Born March 15, 1933 in the Brooklyn neighborhood of New York, at a time when women were not welcome in universities, she still studied at Cornell, before joining Harvard law school and Columbia. At the end of this prestigious career, however, she struggles to find a job in a law firm. She began a university career during which she discovered, during a stay, Swedish culture and especially more equal relationships between women and men, recalls the ” New York Times ».
Reinforced in her convictions, she took the direction in 1972 of a section reserved for discrimination based on sex within the association. American Civil Liberties Union (ACLU). The lawyer wins several Supreme Court cases, advancing the rights of women and LGBT people. She fights in particular to promote access to abortion or for gay marriage. Ruth Bader Ginsburg was appointed Supreme Court Justice in 1993 by Bill Clinton. Her fights make her very popular. She even earns the nickname ” Notorious RBG »In reference to rapper Notorious BIG.
TRIBUTES THAT MULTIPLY
Barack Obama, Joe Biden, Kamala Harris or Gloria Steinem… many personalities paid tribute to him on Friday.
Justice Ruth Bader Ginsburg fought to the end, through her cancer, with unwavering faith in our democracy and its ideals. That’s how we remember her. But she also left instructions for how she wanted her legacy to be honored. My statement: https://t.co/Wa6YcT5gDi
— Barack Obama (@BarackObama) September 19, 2020
We each can honor Ruth Bader Ginsburg by asking ourselves, « What would Ruth do? » Using this as a guide in our own lives will keep her with us.

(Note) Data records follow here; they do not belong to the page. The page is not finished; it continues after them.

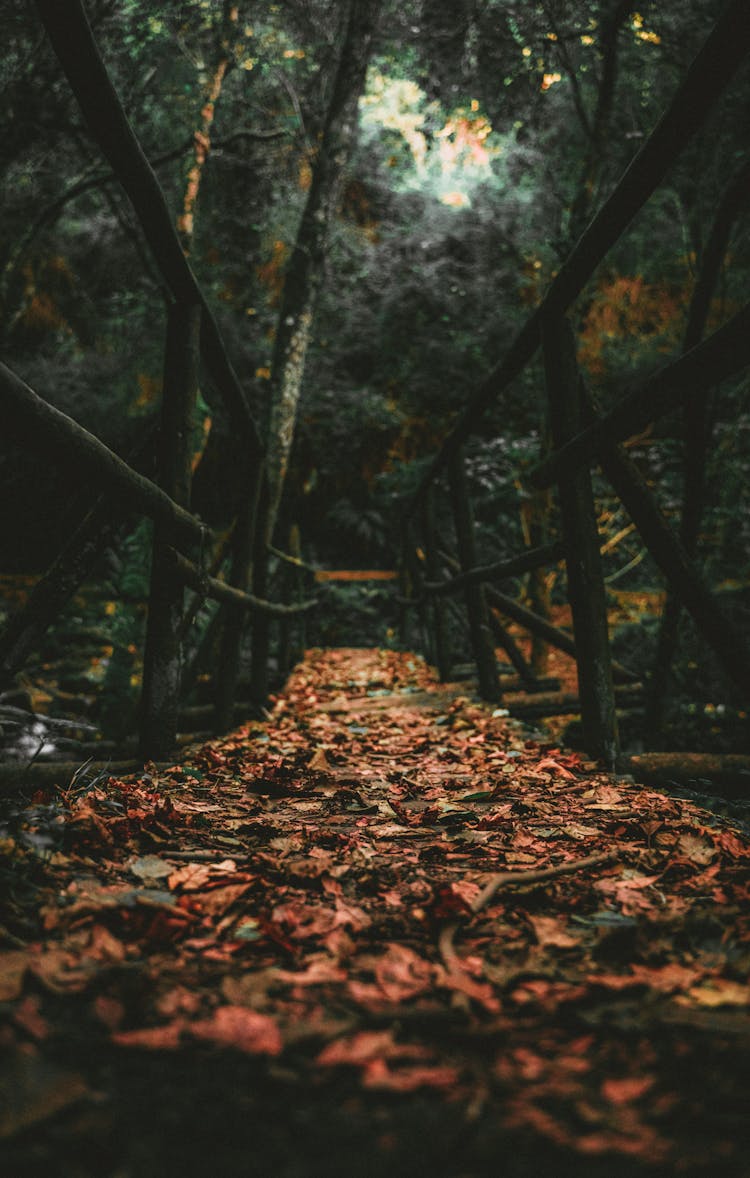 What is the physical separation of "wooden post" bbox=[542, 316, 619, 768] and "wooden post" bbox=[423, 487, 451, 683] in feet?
8.05

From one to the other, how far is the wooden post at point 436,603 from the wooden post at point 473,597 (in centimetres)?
91

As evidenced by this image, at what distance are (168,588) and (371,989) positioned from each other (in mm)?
1441

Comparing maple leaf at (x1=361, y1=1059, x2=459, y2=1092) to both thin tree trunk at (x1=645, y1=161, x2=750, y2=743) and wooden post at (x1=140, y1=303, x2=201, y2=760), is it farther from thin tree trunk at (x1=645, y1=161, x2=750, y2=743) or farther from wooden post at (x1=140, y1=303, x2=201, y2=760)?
thin tree trunk at (x1=645, y1=161, x2=750, y2=743)

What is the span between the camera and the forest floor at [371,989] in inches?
20.3

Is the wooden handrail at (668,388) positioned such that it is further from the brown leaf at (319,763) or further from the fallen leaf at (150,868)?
the fallen leaf at (150,868)

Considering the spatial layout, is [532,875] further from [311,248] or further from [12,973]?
[311,248]

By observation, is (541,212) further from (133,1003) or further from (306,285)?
(133,1003)

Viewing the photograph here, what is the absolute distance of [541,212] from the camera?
1102 cm

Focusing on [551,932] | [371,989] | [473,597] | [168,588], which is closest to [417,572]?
[473,597]

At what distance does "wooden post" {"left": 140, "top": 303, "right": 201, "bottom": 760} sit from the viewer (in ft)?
6.33

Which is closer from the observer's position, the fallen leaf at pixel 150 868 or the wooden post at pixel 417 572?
the fallen leaf at pixel 150 868

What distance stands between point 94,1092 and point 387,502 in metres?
9.98

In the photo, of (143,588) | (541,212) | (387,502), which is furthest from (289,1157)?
(541,212)

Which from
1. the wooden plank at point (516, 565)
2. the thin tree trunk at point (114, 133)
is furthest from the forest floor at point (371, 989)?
the thin tree trunk at point (114, 133) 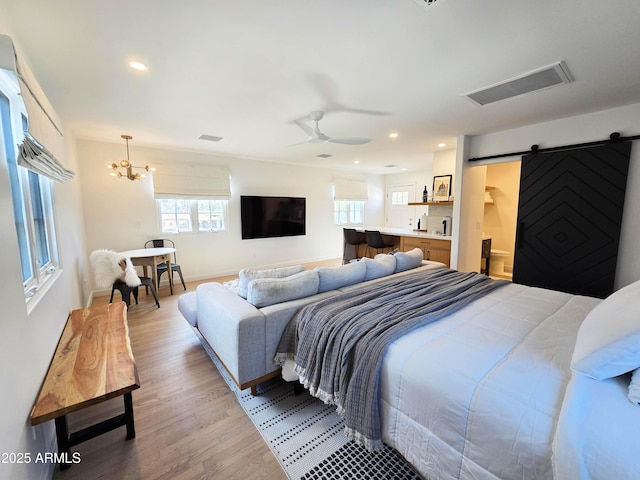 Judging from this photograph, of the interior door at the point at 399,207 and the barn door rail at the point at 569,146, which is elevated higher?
the barn door rail at the point at 569,146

We can also honor what she said so recently: « My most fervent wish is that I will not be replaced until a new president is installed. » pic.twitter.com/LYG8dzTLlC
— Gloria Steinem (@GloriaSteinem) September 19, 2020
Ruth Bader Ginsburg stood for all of us. She was an American hero, a giant of legal doctrine, and a relentless voice in the pursuit of that highest American ideal: Equal Justice Under Law. May her memory be a blessing to all people who cherish our Constitution and its promise.
— Joe Biden (@JoeBiden) September 19, 2020
In the midst of the presidential campaign, his death will open up new questions. Indeed, Donald Trump will have control over the choice of the future candidate to replace her. In order to please his constituents, he could go for a very conservative person. According to the American radio NPR, the judge would have confided shortly before dying her wish not to be replaced “until a new president has not taken the oath”.
This article first appeared on elle.fr.
The article Ruth Bader Ginsburg, second woman to serve on U.S. Supreme Court, has died appeared first on Elle Quebec.